There are many ways for a debtor to manage their debts while the collectors are coming after payments. Most debt collectors will sometimes take partial payments of the debt if an offer is made. It can be mutually satisfactory if an arrangement is made to settle at least part of the debt. The older a debt is, the lesser the debtor should offer the collector. A debt can eventually become so old that it shouldn’t require much repayment. Once a debt has reached six years and has not been acknowledged and has not even been partially paid then the debt can be classified as statute barred and is unenforceable so you do not have to pay it back. But this is not entirely advisable.

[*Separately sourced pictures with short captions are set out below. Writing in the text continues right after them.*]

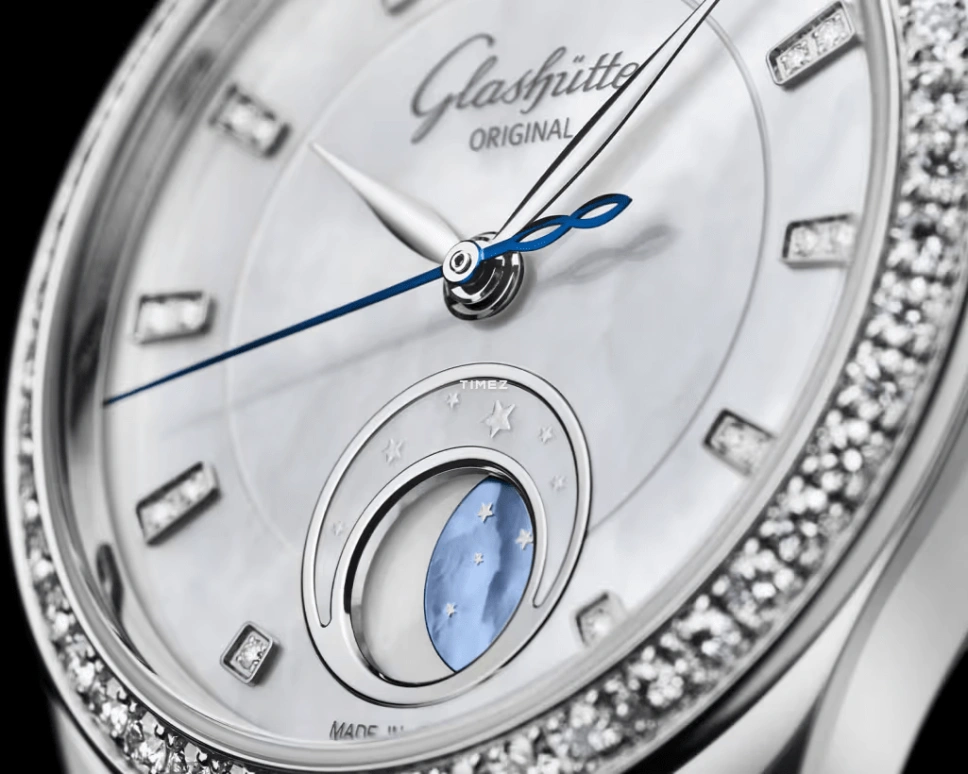 Glashütte Original,Serenade Luna 32.50mm,32.50mm,Stainless Steel,Silver,Automatic,Moonphase,Sapphire,Crystal Glass,1,1-35-14-02-12-14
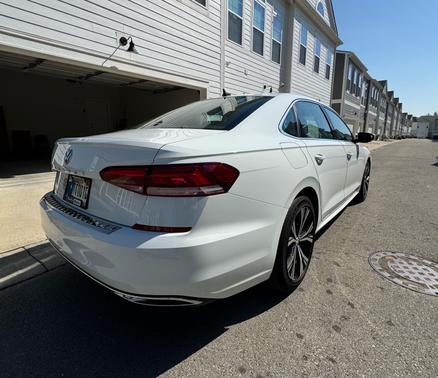 2022 Volkswagen Passat 2.0T SE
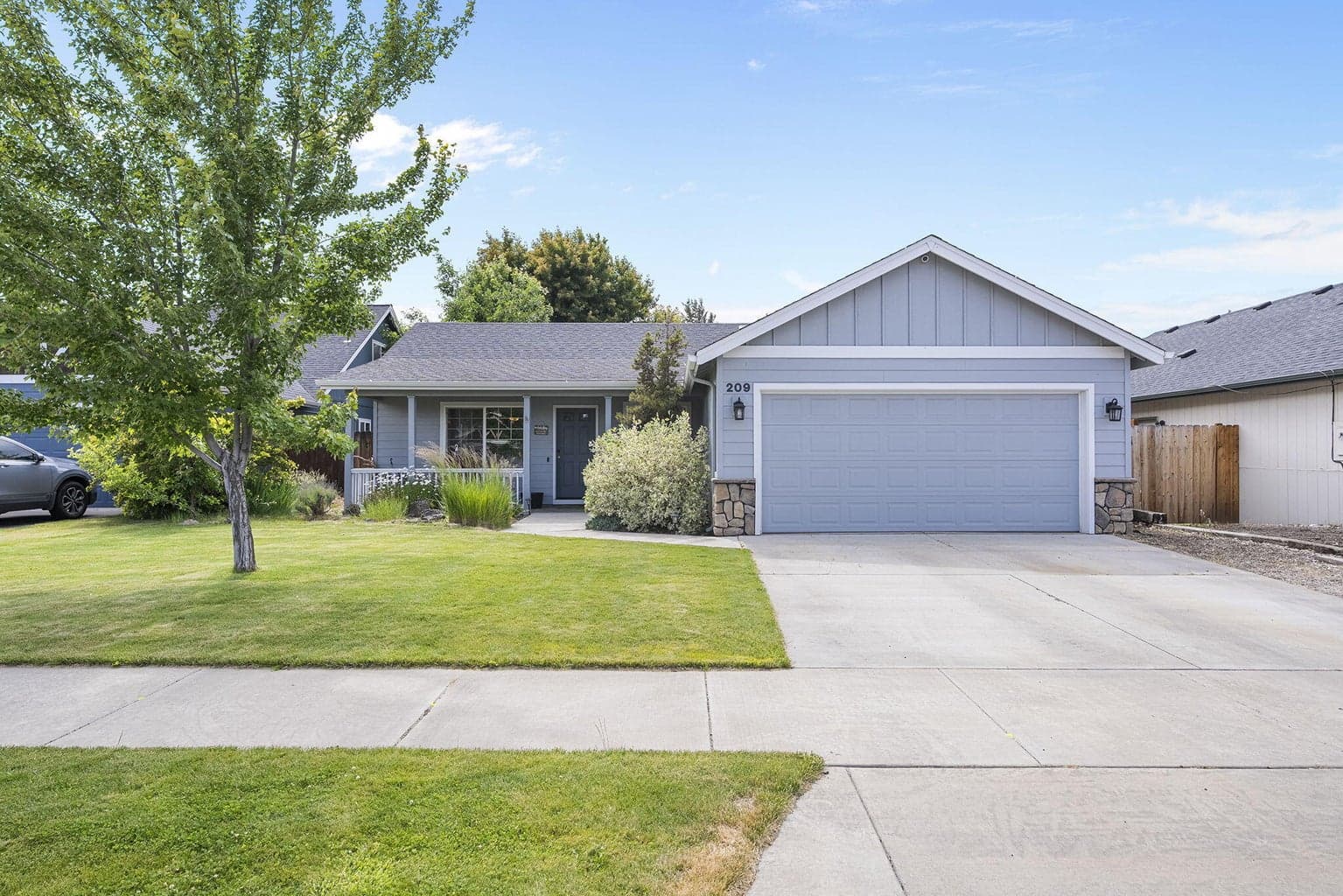 Photo of 209 27th 2 of 22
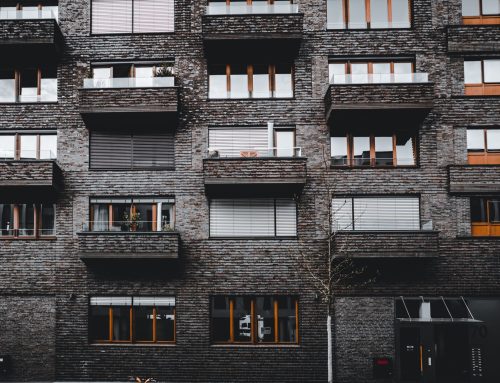 Rénover une maison ancienne : quelles différences avec un bien récent ?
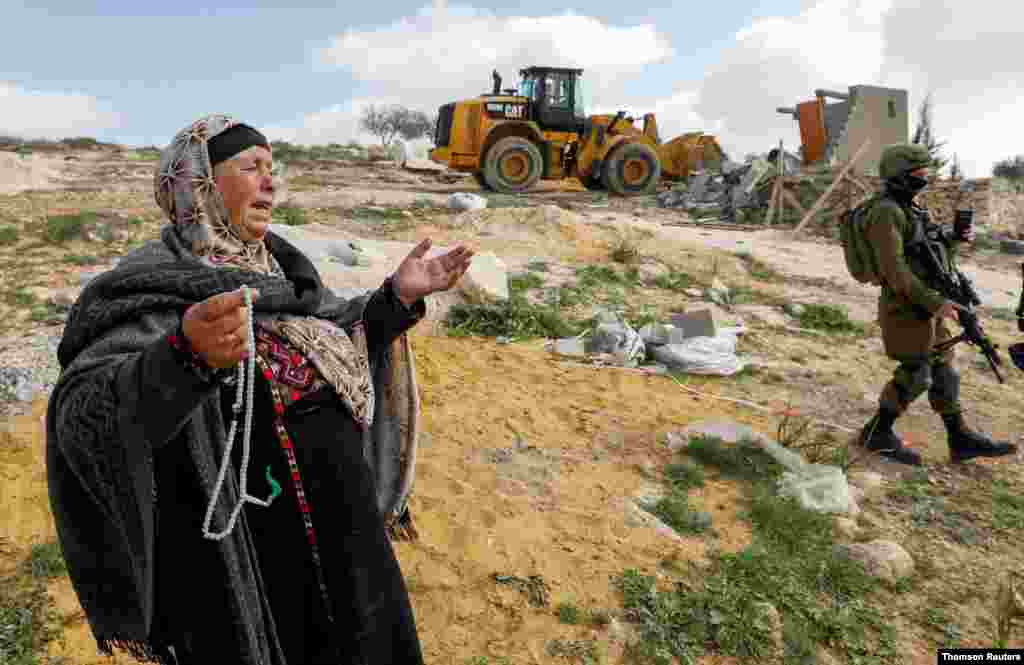 이스라엘군이 요르단강 서안지구의 유대인 정착촌 건설을 위해 팔레스타인 여성의 집을 철거하고 있다. 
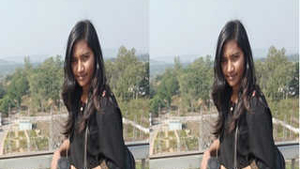 Exclusive video of a Desi Indian girl giving a blowjob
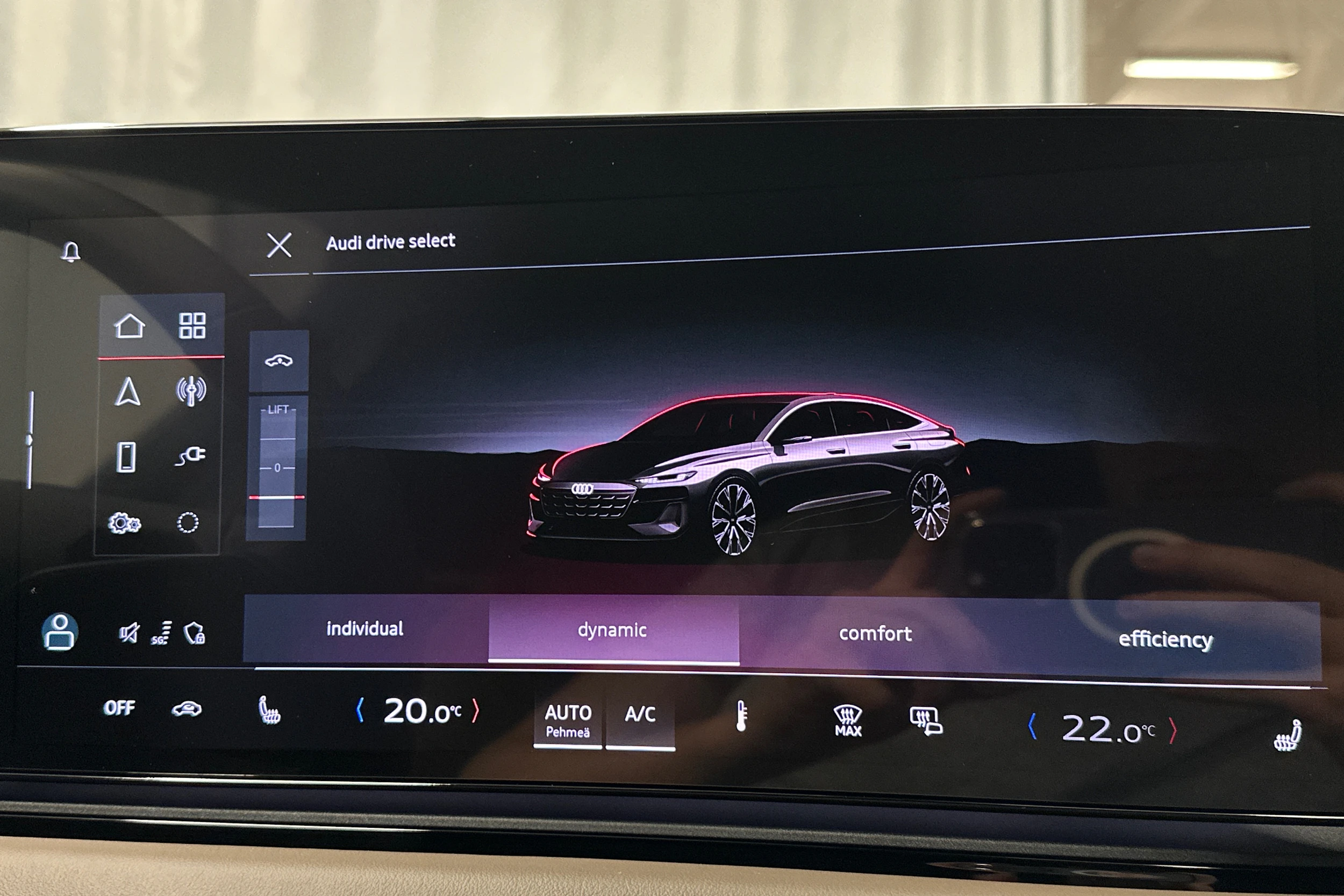 beige Audi A6 e-tron 2025 kuva 33.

Debts that are disputed will have the collection halted until the dispute is resolved so this practice can actually be used to buy time and get the funds ready to pay the debt. When a debt collector begins correspondence the debtor should always respond since not responding can have very significant impacts on a your credit file. If the debt is defaulted then that negative mark on a credit history can make it very difficult to retain a loan in the future from a traditional lender.
Debt collectors and their methods
Debtors do have rights and they should know them. The debt collectors are not allowed to bully someone and the debtor is protected against being harassed or coerced by the Trade Practices Act. Lenders and collection agencies have to follow strict rules and cannot inform the family, friends or neighbors of the debtor about the debt. The debtor can only be contacted up to three times a week and only up to ten times a months and the debtor should not be contacted in person unless all other contact methods have been exhausted and even then the debtor has the right to refuse a face-to-face meeting.
Find someone to represent you
In such extreme cases it is best for the debtor to have a representative such as a lawyer or a financial counselor as the middle man who will be the only point of contact for the debt collectors. Sometimes a debt can be a mistake and the debt must be investigated. Sometimes it can even be a case of identity theft in which case it might be cleared up by proving one’s identity. If you are a victim of identity theft then you should contact the authorities immediately to make sure that no other debts are being attributed to you.
In any case, the debt collectors must provide an itemised bill of the amount owed along with an explanation of how the debt was calculated if you want to dispute a debt and then you should be able to show any records of payment. If you ever feel that debt collectors are breaking the rules then you always have the right to report them to the ACCC or your local consumer affairs department.